Functional characterization of an active Rag-like transposase

Abstract

The formation of diverse immunoglobulin genes results in part from Rag protein-mediated DNA double-strand breaks at the edges of immunoglobulin gene segments, followed by combinatorial reassembly of these segments. We report that a Transib transposase from the insect Helicoverpa zea is active in vitro and that its breakage and joining activities mimic those of Rag, providing strong evidence that Rag and Transib transposases were derived from a common progenitor.

Figure 1. Hztransib transposase can promote coupled cleavage and strand transfer

a. The pathway of transposition. The transposase introduces a double strand break between a transposon end and the flanking donor DNA to expose the 3′ OH transposon end. The joining of one 3′ OH to one target strand a plasmid target generates a nicked circle product (Single End Join; SEJ). The joining of two 3′ OH ends to two target strands at complementary positions in a single target plasmid yields a linearized version of the plasmid attached to the two end oligonucleotides (Double End Join; DEJ). b. Reactions contained wildtype or mutant Hztransib transposase as indicated. We suspect the lower transposase-dependent band likely results from end binding.

Figure 2. Analysis of the Hztransib DNA cleavage mechanism

a. The mechanism of transposition. Transposition begins with a nick at the 5′ end of the transposon end.

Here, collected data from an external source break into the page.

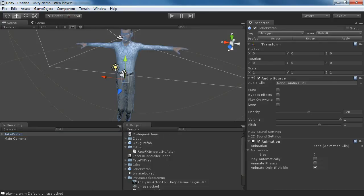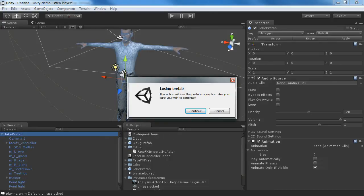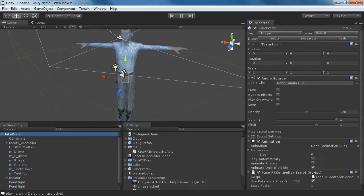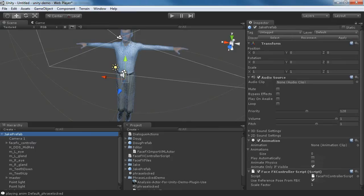The first step is to attach the FaceFX controller script to our Unity character, to our game object. We're going to lose the prefab connection. You'll notice that the FaceFX controller script has a few options. One is the scale factor.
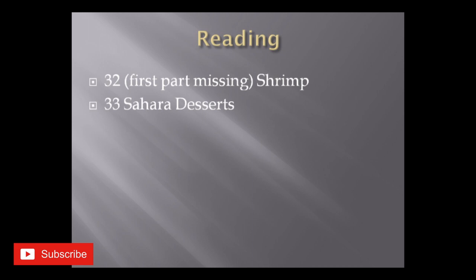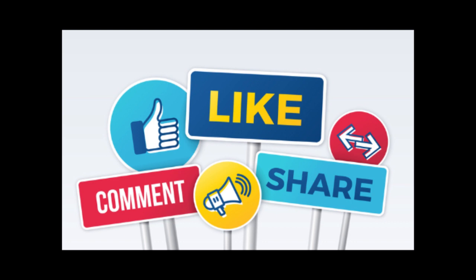So that was all from my side. Please subscribe to my YouTube channel if you want to, and do not forget to follow me on Instagram. Thank you.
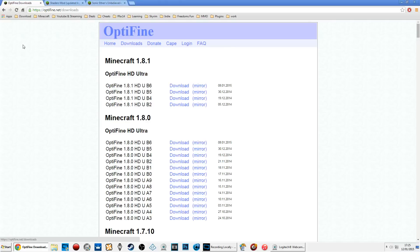What's up, it's your boy GTG and today I'm going to help you install shaders with OptiFine. I've been asked this question a lot so I thought I would do this video and help you guys out.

The newly exposed donor 3′ OH then attacks the complementary strand to form a hairpin and release the transposon end. b. In vitro transposition reactions were carried out using the transposon end fragments labeled as indicated, transposases as indicated and displayed on a denaturing acrylamide gel. The image is of a single gel with a masked lane.

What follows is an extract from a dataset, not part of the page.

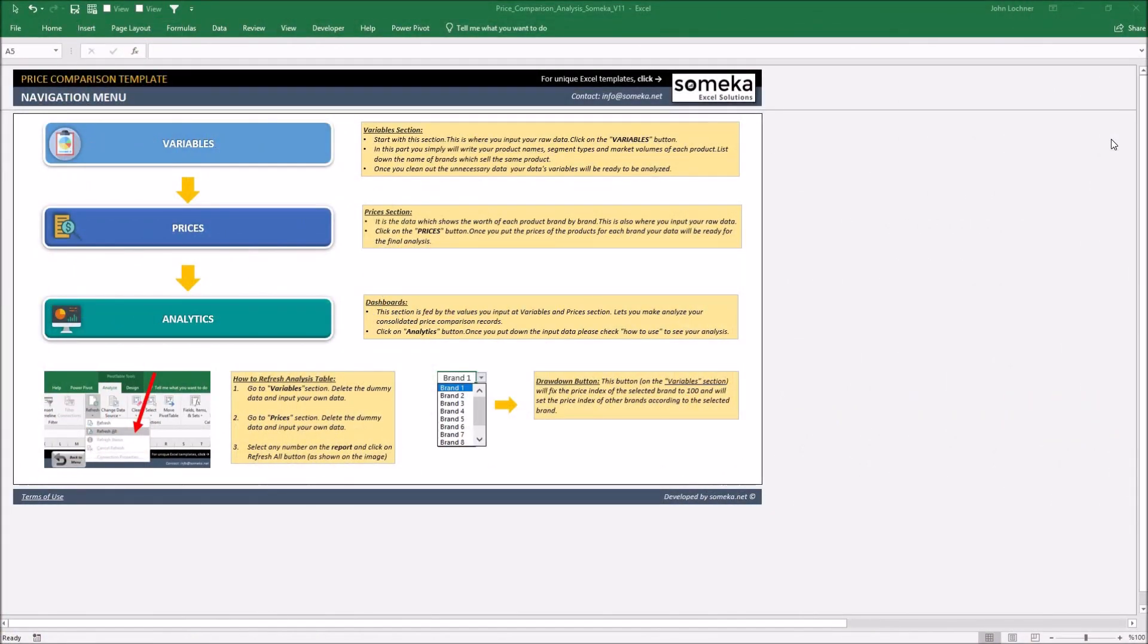Hello and welcome to SOMECA Price Comparison Template. This tool mainly makes a comparison between you and your competitors, analyzes all the types of companies and forms a price index of yours and your competitors.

Figure 3. Hztransib Transposition in vitro using pre-cleaved transposon ends

a. Target joining by decreasing amounts of wildtype transposase. The reactions contained 1×, 1/3×, 1/9× and 1/27× transposase. b. Target joining by transposase mutants. The transposon end substrate was a 294 bp Hztransib left end labeled at both 5′ ends (asterisk) and reactions contained wildtype or mutant Hztransib transposase as indicated. The reaction products were displayed on a native agarose gel. c. The 3′ OH transposon end joins to target DNA. The transposon end substrate was a 50 bp Hztransib left end labeled only at the internal 5′ end* (asterisk) of the strand that joins covalently to target DNA.